- _Given information_:
--- START ---

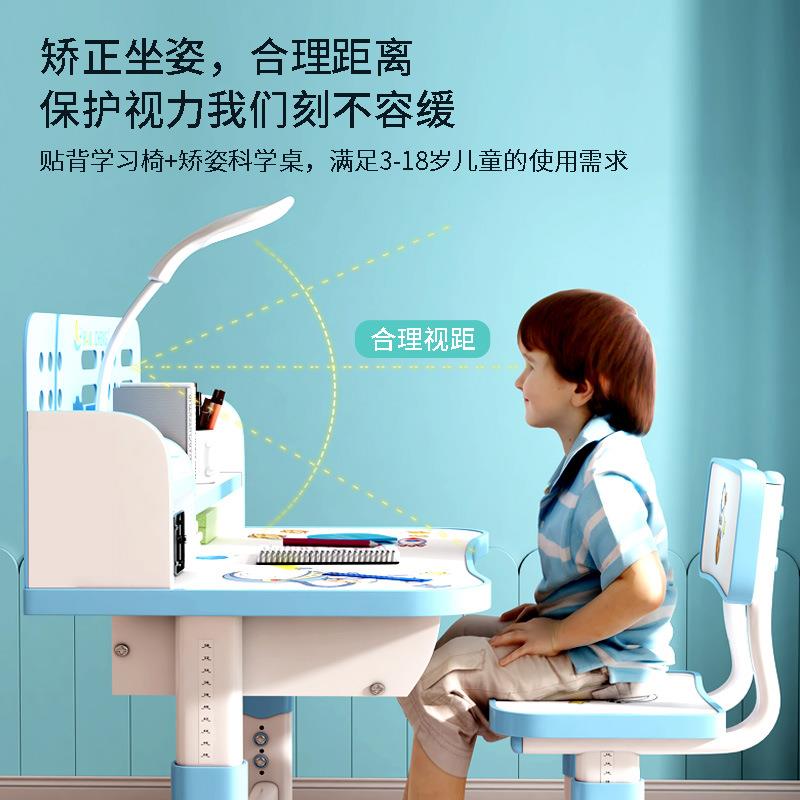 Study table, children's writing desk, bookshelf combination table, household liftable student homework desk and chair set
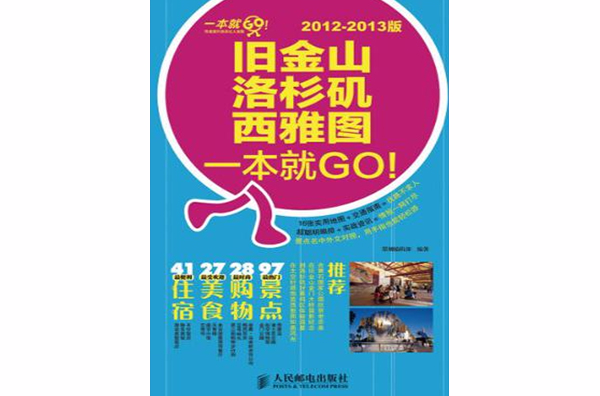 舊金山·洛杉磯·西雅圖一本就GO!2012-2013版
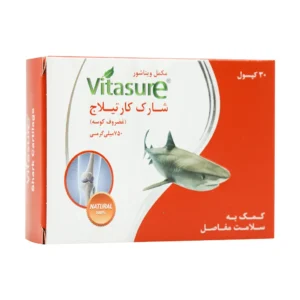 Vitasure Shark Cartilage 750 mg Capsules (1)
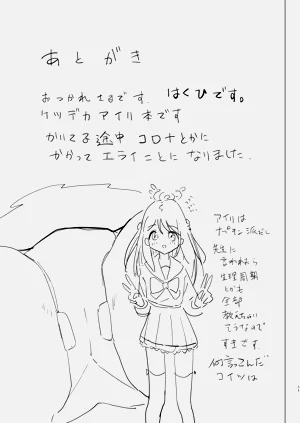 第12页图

--- END ---

- _Task to carry out_: Lines before the one containing "舊金山·洛杉磯·西雅圖一本就GO!2012-2013版" are not wanted; repeat that line and the rest of the listing exactly, leaving out pictures.

- _Solution to the problem_:
 舊金山·洛杉磯·西雅圖一本就GO!2012-2013版
 Vitasure Shark Cartilage 750 mg Capsules (1)
 第12页图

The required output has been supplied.